Cardinal O’Hara’s Izaiah Pasha, committed to Rick Pitino at Iona, has NBA dreams
With his mother, the Allen Iverson fan, always in his corner, Pasha has developed into a top player with skills "you couldn't teach," his coach Ryan Nemetz said.
When Melinda Laureano found out that her first child would be a boy, she sent a request into the heavens. It didn’t take long to receive an answer.
At 10 months old, Cardinal O’Hara senior Izaiah Pasha could already walk. A few months later, he was running around the house, playing basketball with his mother on a Fisher-Price hoop.
“My mom always wished that I would be a baller since the day I came out,” Pasha said, sitting atop bleachers inside O’Hara’s gym before a recent practice.
“She prayed on it,” said Pasha, who committed to Iona last month. “She had fallen in love with the game because of Allen Iverson.”
Now her son has NBA aspirations and, perhaps, the skill set, measurements, and future college coach to help him get there.
Pasha, a versatile 6-foot-5 wing, is one of the Catholic League’s best, finishing fourth in scoring last season after transferring from Central Dauphin East near Harrisburg, where his mother still lives.
Laureano, however, grew up in North Philly.
She graduated from Kensington High School in 2000, the same year Iverson began his MVP season and led the Sixers to an improbable NBA Finals run.
“I always liked AI. He was even my screensaver on my computer,” Laureano said with laughter in a phone interview. “I just had a huge crush on him growing up.
“I would always say, ‘When I have a child I’m going to have a basketball player.’ It was funny that it just came naturally to [Pasha]. It was a natural thing for him from a young age.”
It still is.
O’Hara coach Ryan Nemetz, now in his fifth season as the lead Lion, says Pasha can be an elite player on both ends.

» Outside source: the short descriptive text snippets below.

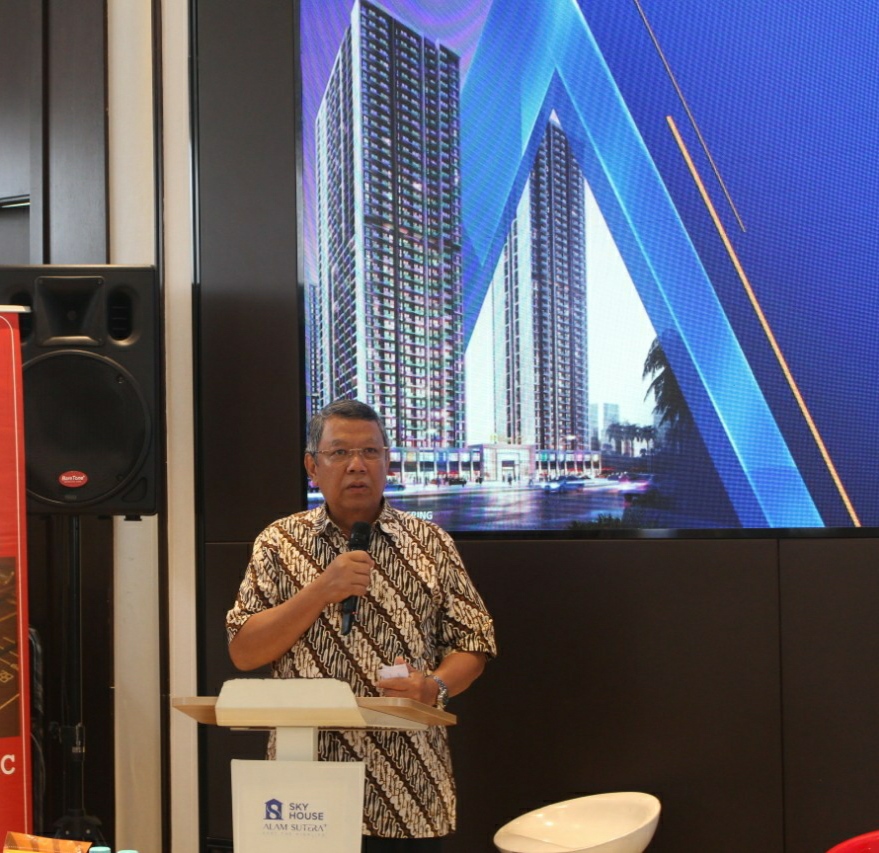 Wakil Wali Kota Tangerang Selatan Benyamin Davnie.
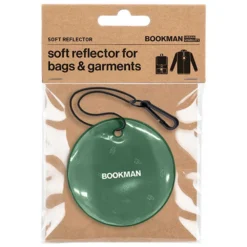 Bookman Reflectante Colgante Circulo Para Cremallera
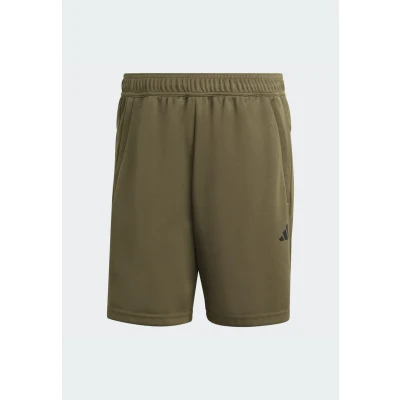 Afbeelding van adidas Performance Train Essentials Shorts Korte broeken, Heren, Maat: Small, Olive strata/black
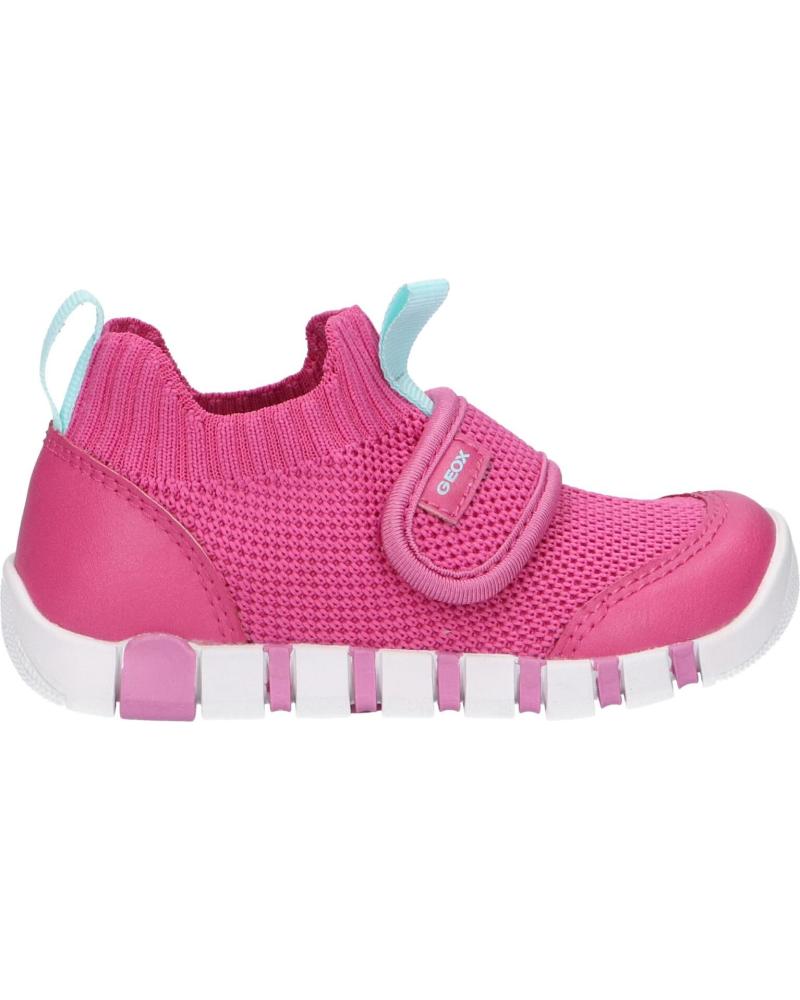 Sapatilhas de Menina GEOX B3558B 06KBC B IUPIDOO C8002 FUCHSIA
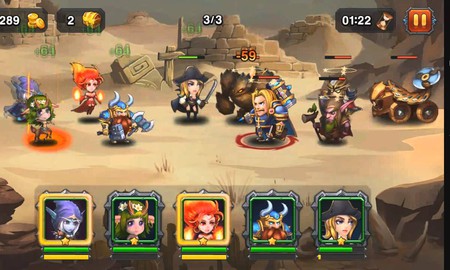 LoL Truyền Kỳ muốn thách thức huyền thoại Heroes Charge?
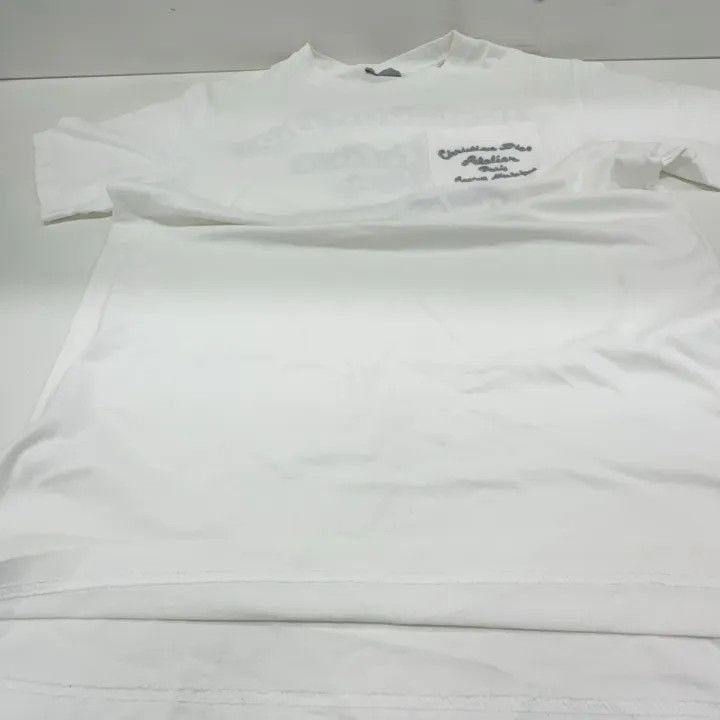 Dior Dior Dior Christian Dior Atelier White T-shirt 0079-2507 Size US XS / EU 42 / 0 - 7 Thumbnail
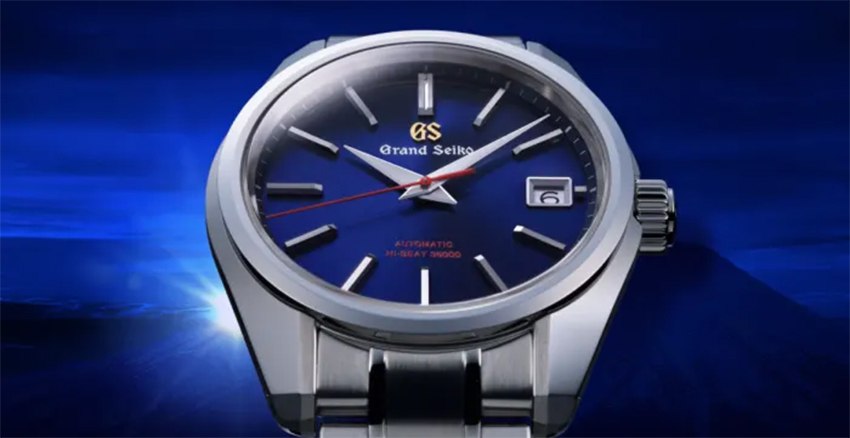 Grand Seiko kỷ niệm 60 năm với đồng hồ 'siêu nhân' phiên bản giới hạn |  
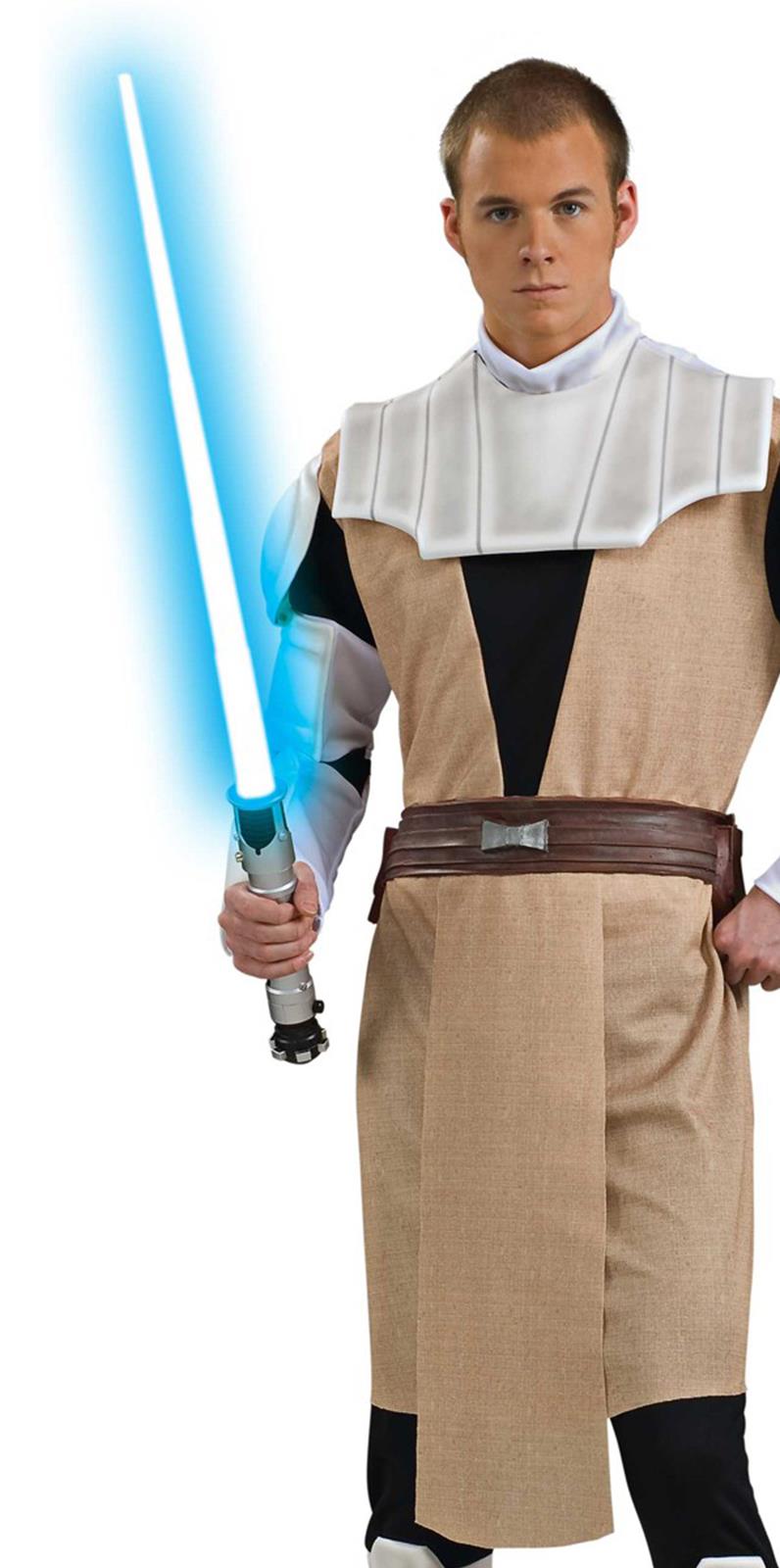 Star Wars Clone Wars Deluxe Obi-Wan Kenobi Adult Costume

Pasha averaged 17 points per game in PCL play last year, shot 52% from the field, 42% from behind the three-point line, and added seven rebounds per game.

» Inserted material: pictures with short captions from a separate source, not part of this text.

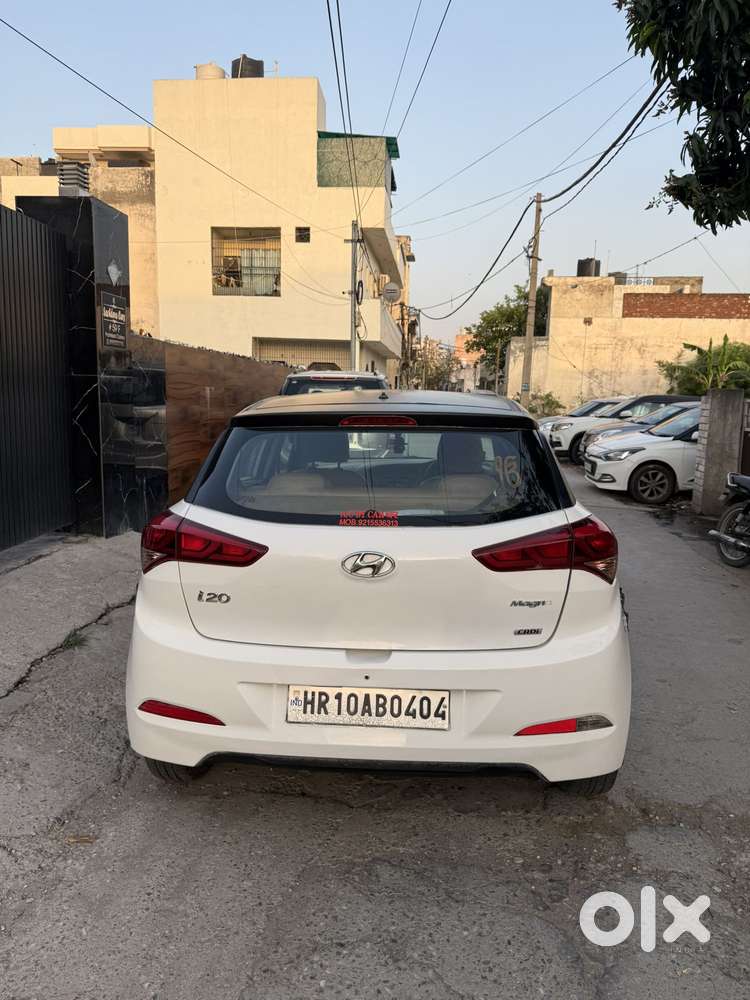 Hyundai Elite I20 Magna Plus, 2016, Diesel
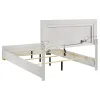 Coaster Fine Furniture 222931Q Marceline - Wood Queen LED Panel Bed - White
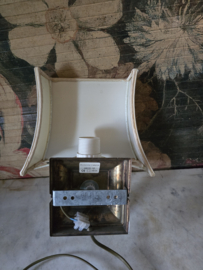 Messing wandlamp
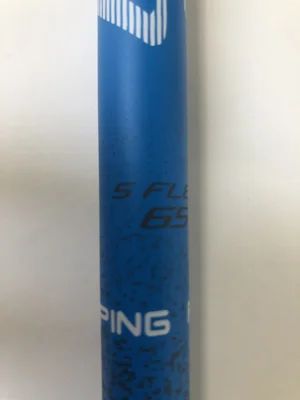 Ping Alta Blue G Series 7 Wood Stiff Flex Shaft — DeMane Golf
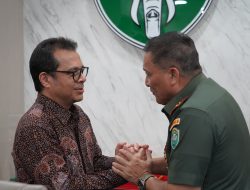 Pangdam IM Terima Audiensi Wamenkominfo Bahas Sinergi untuk PON XXI Aceh-Sumut 2024.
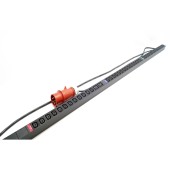 Блок розеток, вертикальный, 36 розеток IEC320 C13, 6 розеток IEC320 C19, кабель питания 3м (5х4.0мм2) с вилкой IEC 60309 16А (3P+N+E), 380В, корпус ал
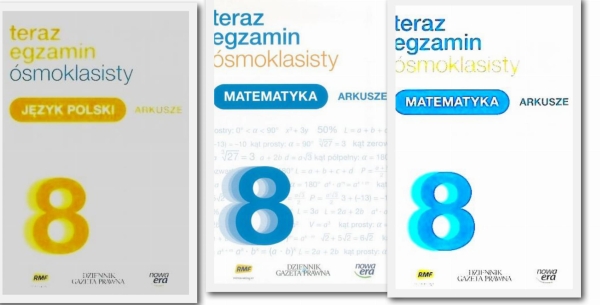 EGZAMIN ÓSMOKLASISTY J POLSKI MATEMATYKA J ANGIELSKI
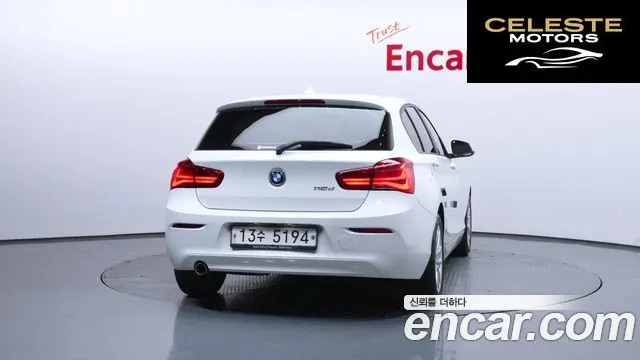 BMW Série 1 (F20) 118d Joy 5portes 2018 — photo 4 sur 33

“I think that’s what made him such a good prospect,” Nemetz said via phone. “I think coaches could see he had things you couldn’t teach: He has a 6-foot-9 wingspan, and the way he can score but also facilitate, he has a high ceiling.”

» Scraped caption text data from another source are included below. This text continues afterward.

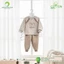 AMI0474 - Bộ Nỉ Thu Đông Bé Trai Dài Tay Hello Anminaza Chất Liệu Nỉ Hàn Dày Dặn Ấm Áp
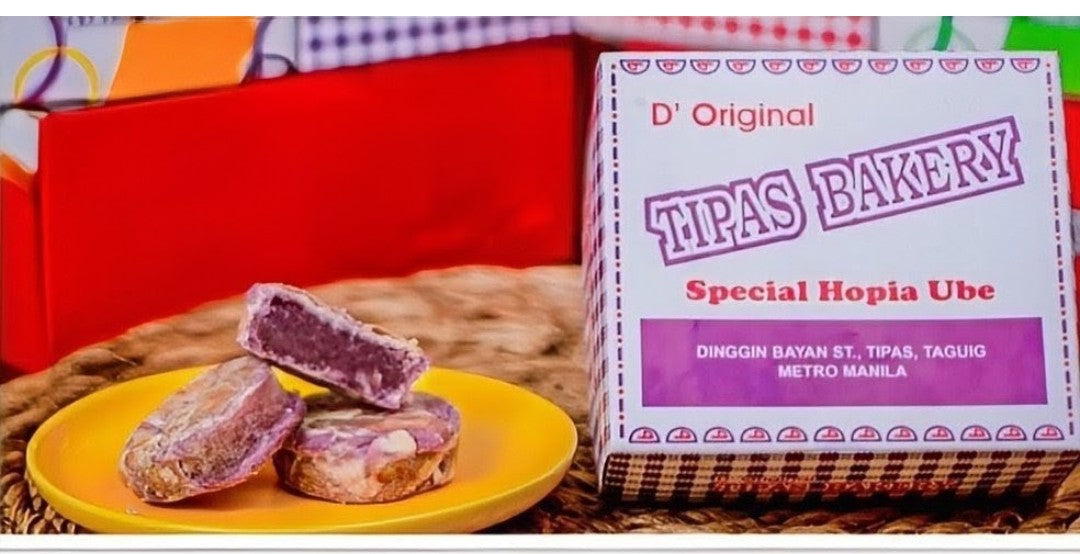 D' ORIGINAL TIPAS SPECIAL HOPIA UBE 480g (10pcs)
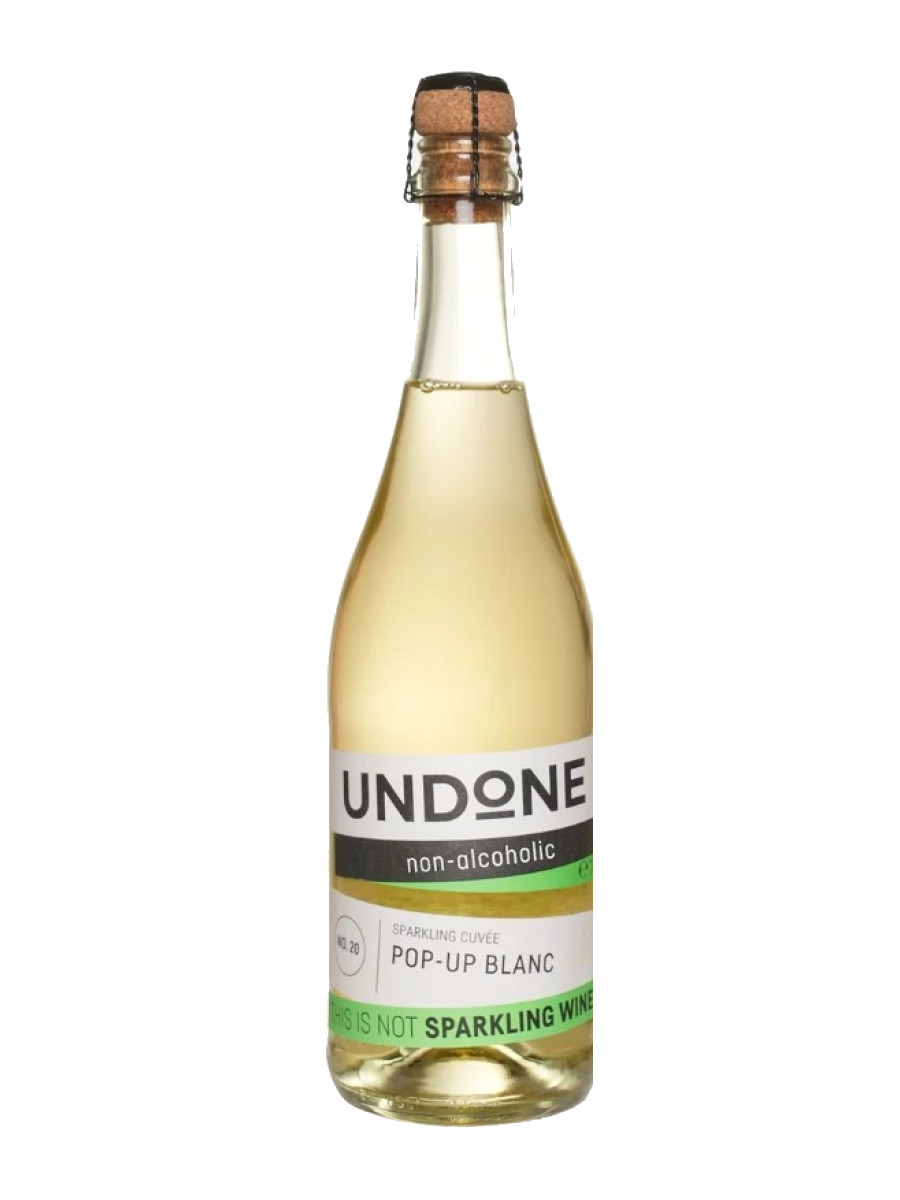 UNDONE No. 20 Pop-Up Blanc bottle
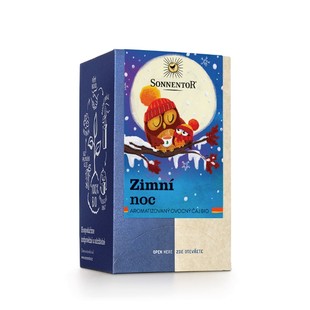 Čaj porcovaný - Zimní noc 45 g BIO SONNENTOR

That skill set combined with those measurements is likely what lured Iona coach Rick Pitino. For Pasha, it was Pitino’s resumé that sealed the deal.
A great coach
Pasha, 17, had visited several Division I schools but never quite felt a fit. Iona, he said, was going to be his last visit. If it also didn’t feel right, his plan was a year of prep school.
“Once I found out how good of a coach he is, how legendary he is, and all the connections he has, there was no other place I needed to go,” Pasha said. “I had everything [there].”
Pitino, 70, who was inducted into the Naismith Memorial Basketball Hall of Fame in 2013, was fired from Louisville in 2017 amid a federal investigation into corruption in college basketball.
Pitino and Louisville later sued each other. A 2020 settlement ended with Pitino’s personnel file being changed from termination to resignation. Pitino, who won NCAA titles at Kentucky (1996) and Louisville (2013) and also reached a Final Four with Providence (1987), also twice coached in the NBA (Knicks and Celtics).
“I’ve always wanted to make it to the NBA,” Pasha said. “If I wanted an NBA scout to come see me, [Pitino] has that [connection]. He’s a great coach, and I know at Iona I can come in and make an impact.”
» READ MORE: From basketball scout team to a starring role at Roman Catholic
Road trips
For Laureano, 40, that will mean logging even more hours on the highway. Right now, it takes about an hour and 45 minutes to drive to her son’s games. She rarely misses.
“I consider her like my best friend,” Pasha said. “I go to her for everything. She’s like that person who’s always been in my corner, always made sure I was doing the right thing.”
Unlike his mother, though, Pasha never saw “The Answer” in action, save for YouTube. In the spirit of Iverson, however, he knows exactly how his mother wants him to play.
“She just wants me to play hard,” Pasha said. “Just give it my all every time I’m on the court.”
Pasha says his goal is to win the Catholic League championship this season. Last season, O’Hara lost to Roman Catholic in the quarterfinals. Neumann Goretti later won the championship. The Lions’ only league title came in 1968.
» READ MORE: Neumann Goretti guard Rob Wright III commits to Baylor
Regardless of this season’s outcome, Laureano knows her son’s future is bright.
“I am extremely proud of him,” she said. “I am ecstatic about everything that has happened and is going to happen. I am very happy for what’s to come for him.”